Site A has processes A1 & A2.
Process A1 has thread 1 that sends messages to thread 2 in Process A2.
Site B has processes B1 & B2.
Process B1 has thread 3 that sends messages to thread 4 in Process B2.
1.Saturday morning: Process A2 panicked and shut down – log file shows no reason. A2 was not started back up until Monday morning.
2.For the next 24-30 hours about 80 messages queued up in recoveryDB in process A1 waiting for A2 to come back up.
3.Sunday afternoon: thread 4 in Process B2 received those 80 messages. Those messages never went through Process B1 or thread 3. The messages were Xlated with the route in process A1, but went through the OBTPS of thread 4.
4. Those 80 messages stayed in Site A’s recovery DB, until Monday morning when Process A2 was restarted, and A1 cycled.
Basically, it looks like the messages went through A1’s Xlate, but were sent to the wrong OB Pre-TPS queue – of the interface in a completely different site.
The log files do not have any “resend” commands, and there was no one working who would have resent with Smat, or dumped from RDB and sent to the other thread.
The log file of Process B2 shows the messaging being sent out, and their metadata looks like they came directly from Process A1. The source & destination threads are 1 & 2, NOT 3 or 4.

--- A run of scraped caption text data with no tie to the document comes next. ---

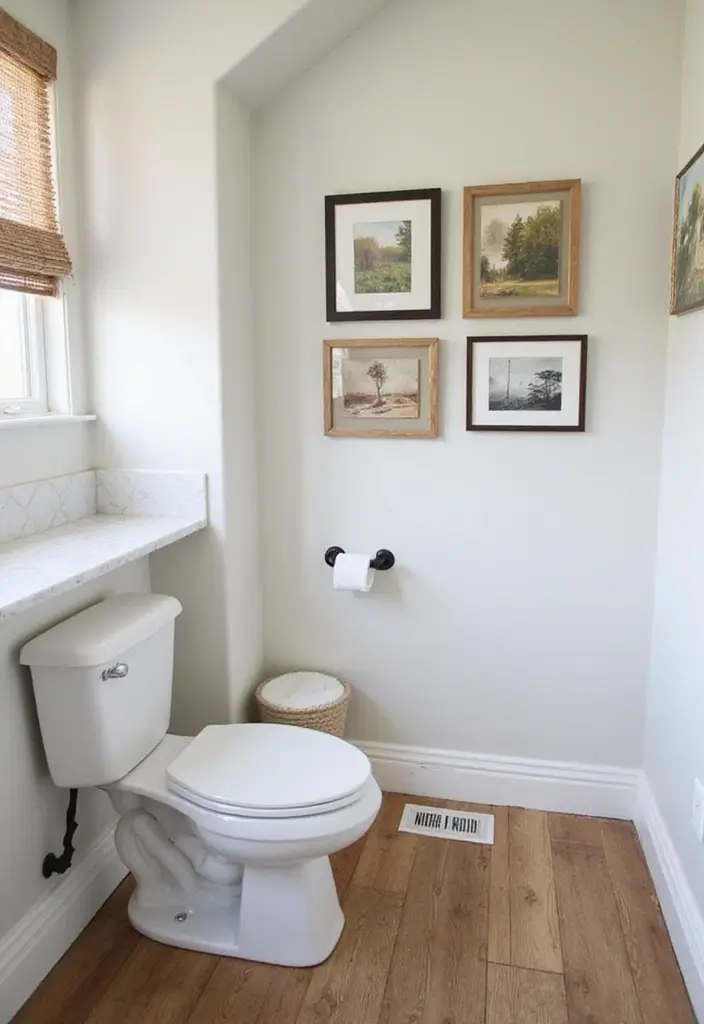 30+ Small Rustic Bathroom Ideas Full of Warm Country Charm 72 30+ Small Rustic Bathroom Ideas Full of Warm Country Charm - 14. Rustic Wall Art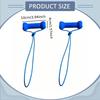 2Pcs Clean Mouth Prop Dog Toys Bite Resistant for Medium and Large Dogs Portable Canine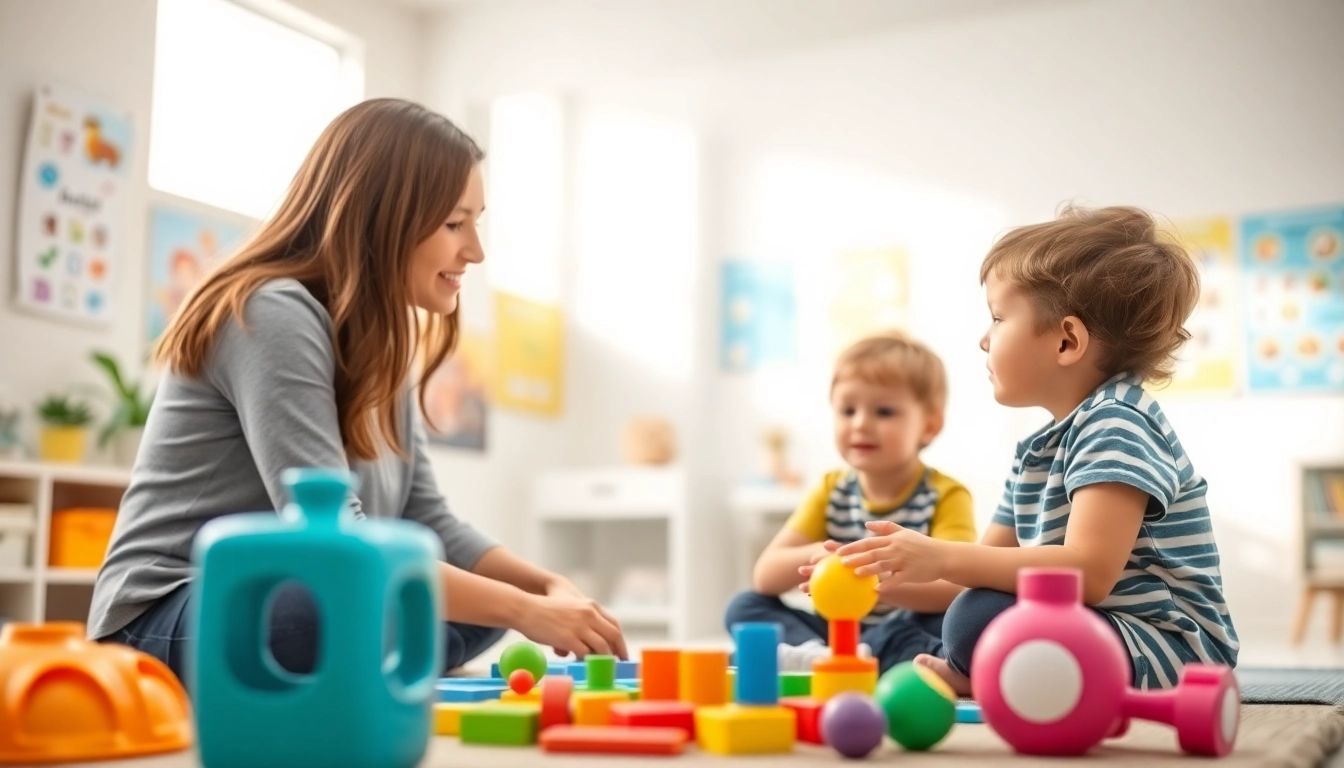 Engaging ABA therapy in Troy session with a therapist and child in a welcoming environment.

Process B2 logs this error for each message, I assume because its trying to delete from RDB a message that was never there:
11/25/2007 17:46:36
[dbi :dbi :ERR /0:23788_ob_23res] [0.0.27222925] dbiWriteLogMsg: mid doesn’t exist
11/25/2007 17:46:36
[dbi :dbi :ERR /0:23788_ob_23res] [0.0.27222925] dbiWriteLogMsg: mid doesn’t exist
11/25/2007 17:46:36
[dbi :dbi :WARN/0:23788_ob_23res] [0.0.27222925] Requested to delete non-existent mid
Here’s where it gets interesting, the message ID is from the mid number wheel of Site B, but the OriginalMID is from the number wheel range of Site A.
Has anyone ever seen anything like this? All signs point to the ICL thread as the culprit, but there’s no real way to diagnose that. Any other suggestions of where to look?
EDIT: discovered the panic on Saturday was caused by a different thread in the process – unrelated to any of these routes or threads.